Peerless Stone Co. v. Wray

Gavin, J.

The appellee recovered judgment for personal injuries received while working in appellant’s stone quarry.

The sufficiency of the complaint was challenged by demurrer, which was overruled, with an exception. The correctness of that ruling is presented to this court for its determination.

The complaint alleges that on June 8, 1892, “a large pile of clay, dirt, and stone, which had been loosened by the removal of stone and left unsupported,” fell on the appellee while he was in the line of his duty, removing tools near it. Want of knowledge and of contributory negligence upon his part is also alleged.

It is further charged that appellant had knowledge that the dirt was loose, unsupported, and in danger of falling, and carelessly and negligently failed to notify appellee of that fact.

For how long a time appellant was chargeable with such knowledge does not appear.

Neither does it appear, either by direct allegation or necessary inference, that the injuries received by ap*325pellee were the result of appellant’s negligence. This defect is fatal to the sufficiency of the pleading.

In Louisville, etc., R. W. Co. v. Thompson, Admr., 107 Ind. 442, the law is thus declared: "We agree with appellant’s counsel that it must appear from the complaint that the death resulted from the negligent acts charged, for we understand it to be settled law that it must be shown that the negligence was the proximate cause of the injury.”

In Pittsburgh, etc., R. W. Co. v. Conn, 104 Ind. 64, it is said: "It is not enough, in such a case as this, to charge the defendant with negligent acts, whether of omission or commission; but it must also be shown, with reasonable certainty, that such acts were the direct or proximate cause of the accident or injury, or the complaint must be held bad on demurrer for want of sufficient facts.”

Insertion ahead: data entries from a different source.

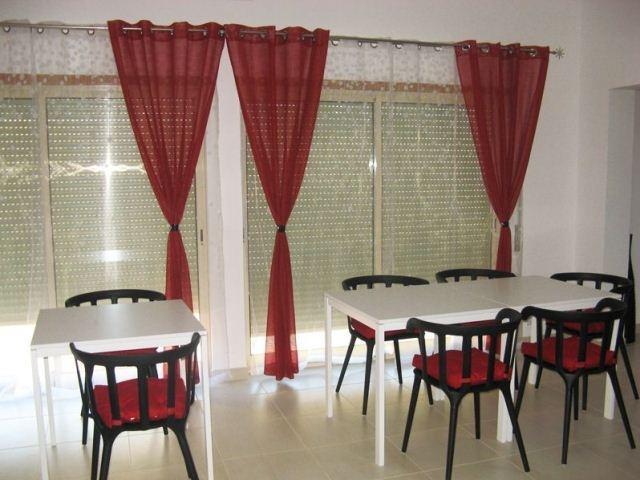 17 By Atlantichotels - Al Apartment Portimao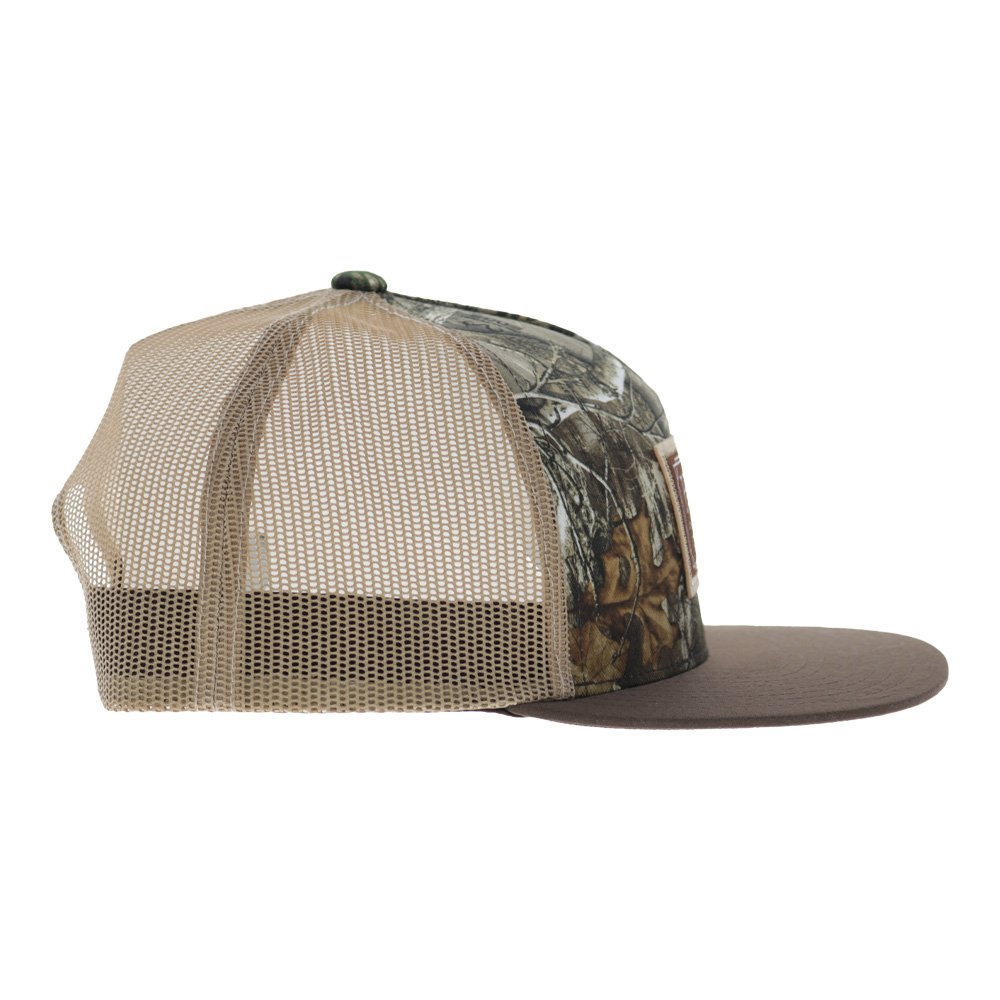Hooey Men's Doc Cap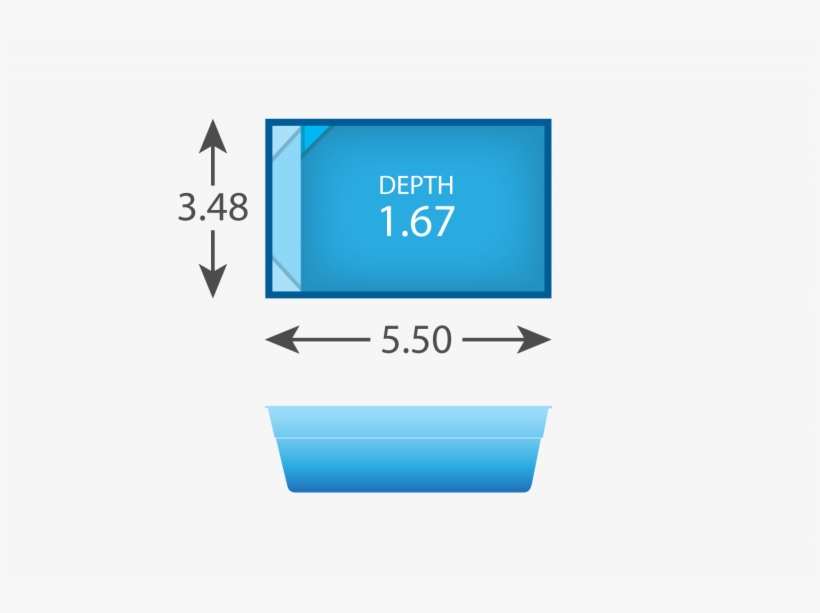 Billabong 5 - - Flat Panel Display, transparent png download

The causal connection between the negligence charged and the injury must appear. Pennsylvania Co. v. Gallentine, 77 Ind. 322; City of Greencastle v. Martin, 74 Ind. 449; Harris v. Board, etc., 121 Ind. 299.

The only negligence charged is the failure to notify appellant of the condition of the pile of dirt. We can not say, as a matter of law, that such want of notification was the proximate cause of the injury.

There are no facts which show the imminence or the seriousness of the danger which would have appeared to him even if apprised of the true condition of the dirt, etc. We can not say but that even with such knowledge he would have done just as he did do. Many cases arise where servants knowingly incur danger, more or less serious, in the regular discharge of their duties.

Other objections are made to the ruling on the pleading, and to other proceedings in the court below, but as it is not probable that the case will again be presented *326or considered in the same manner as before, we do nut deem it necessary to determine them.

Filed June 20, 1894.

The judgment is reversed, with instructions to the trial court to sustain the demurrer to the complaint with leave to amend.